Of course, many still hew to the belief that a president with a traditional background is of the utmost importance. J. Bruce Harreld, a former IBM and Boston Market executive, found himself the target of protests on his first day in 2015 as students and faculty members pushed back on his qualifications, which they found lacking. Last year, faculty members at the University of West Florida and Kennesaw State University in Georgia pushed back on search processes that made Republican politicians candidates for their institutions’ presidencies. (West Florida ultimately chose its provost at the time, Martha Saunders, over State Sen. Don Gaetz. But former Georgia Attorney General Sam Olens was named president of Kennesaw State.)
There are also high-profile examples of presidents who are from nontraditional backgrounds failing to make the transition successfully. Look no further than the oft-cited example of Simon Newman, who resigned from Mount St. Mary’s University in 2016 after less than a year in office. Newman, whose background was in business and private equity, infamously set off a firestorm by likening struggling freshmen to bunnies needing to be drowned or to have a Glock put to their heads. He also ran afoul with faculty.

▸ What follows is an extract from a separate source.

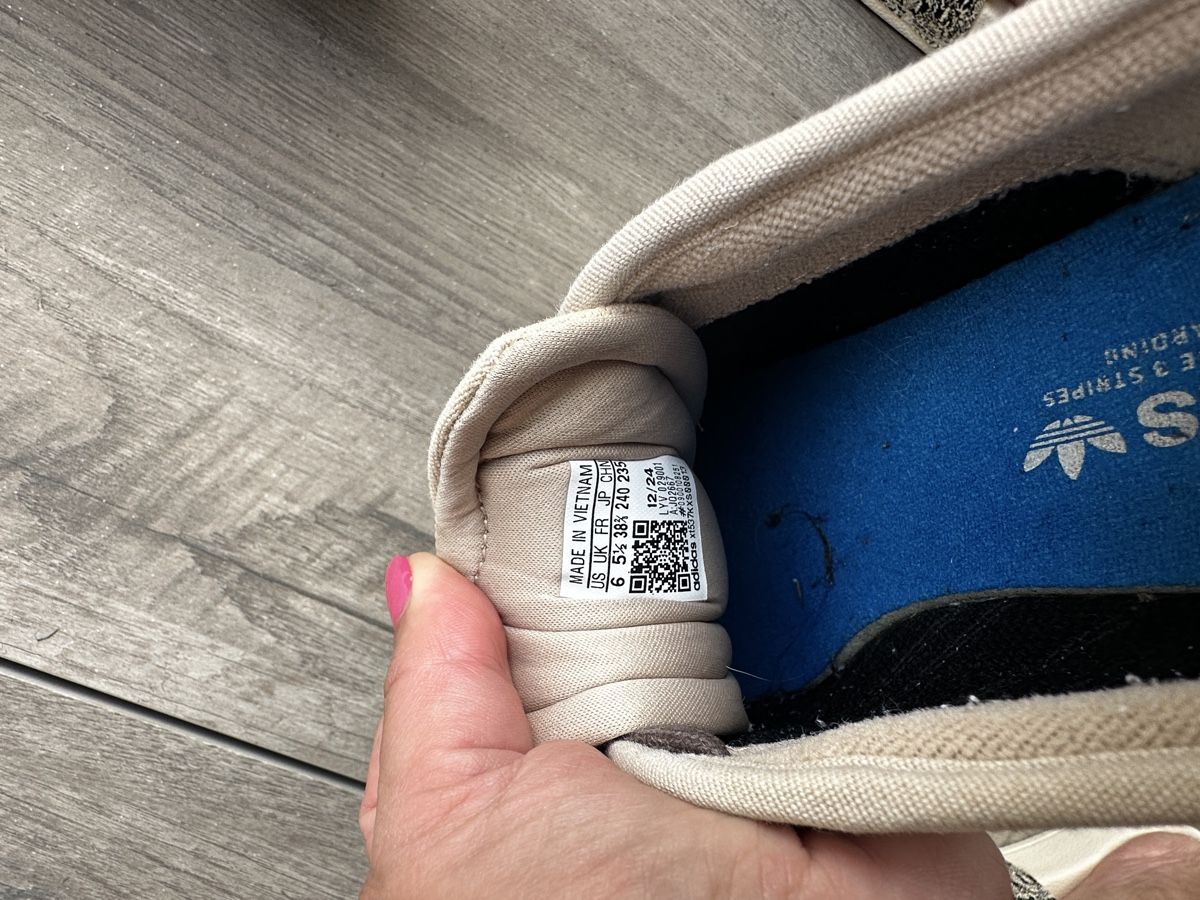 Adidas Herrenschuhe: Adidas Sneaker Grösse 38.5 – Gebraucht aus Dürnten von Sugus73 3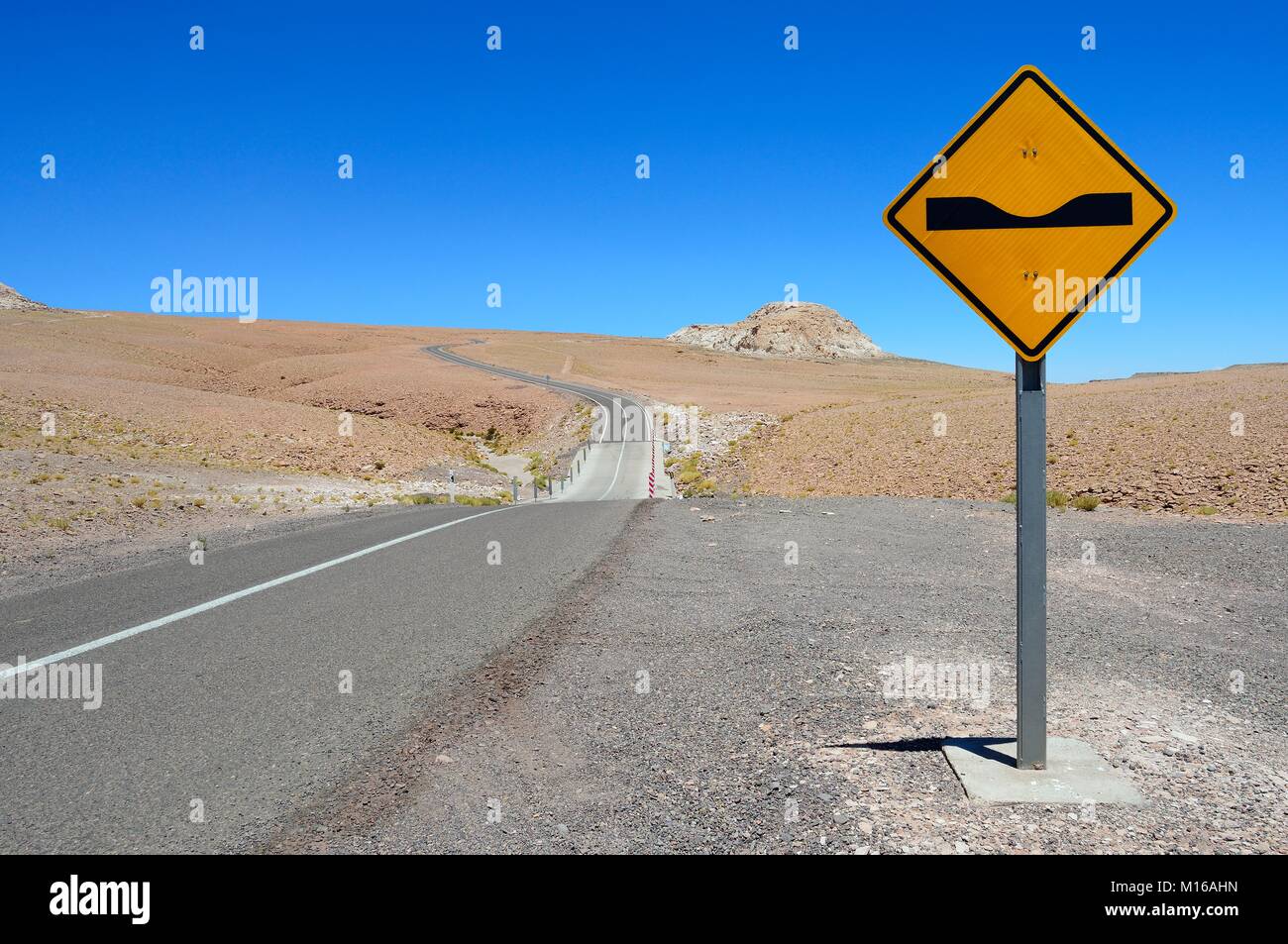 Un segnale di avviso nella parte anteriore di una depressione, vicino a San Pedro de Atacama, Región de Antofagasta, Cile Foto Stock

Beardsley advises nontraditional candidates who want to be college presidents to try to narrow the gap between their experience and the world of higher ed. He recommends teaching as adjunct professors. He also points out that most college presidents have terminal degrees, whether they be Ph.D.s, J.D.s or another degree. Although he stops short of saying nontraditional candidates must have terminal degrees to have a chance at being hired, he writes that his own experience earning a doctorate in higher education management at the University of Pennsylvania was indispensable.
“First of all, I do think it gives anyone an appreciation for the level of research required to be a faculty member on the tenure track,” he said. “I do believe that I also just learned a lot. The topic that I studied made me more knowledgeable about higher education, and I learned a lot from my classmates.”
Beardsley also notes in his book that deans are increasingly being hired as presidents -- a trend that other experts have noted. Given that trend, and the fact that he started his journey into higher ed administration by seeking a presidency, it’s worth asking the 54-year-old business school dean if he ultimately wants to become a president himself.
He maintained that he is happy where he is at the University of Virginia. He isn’t looking for a new position, but he also said he wouldn’t necessarily turn down a college presidency if the right one came along.
“I’ll cross that bridge when I get to it,” he said. “Being a dean or being a college president --there are some similarities. But obviously, the magnitude can be quite different.”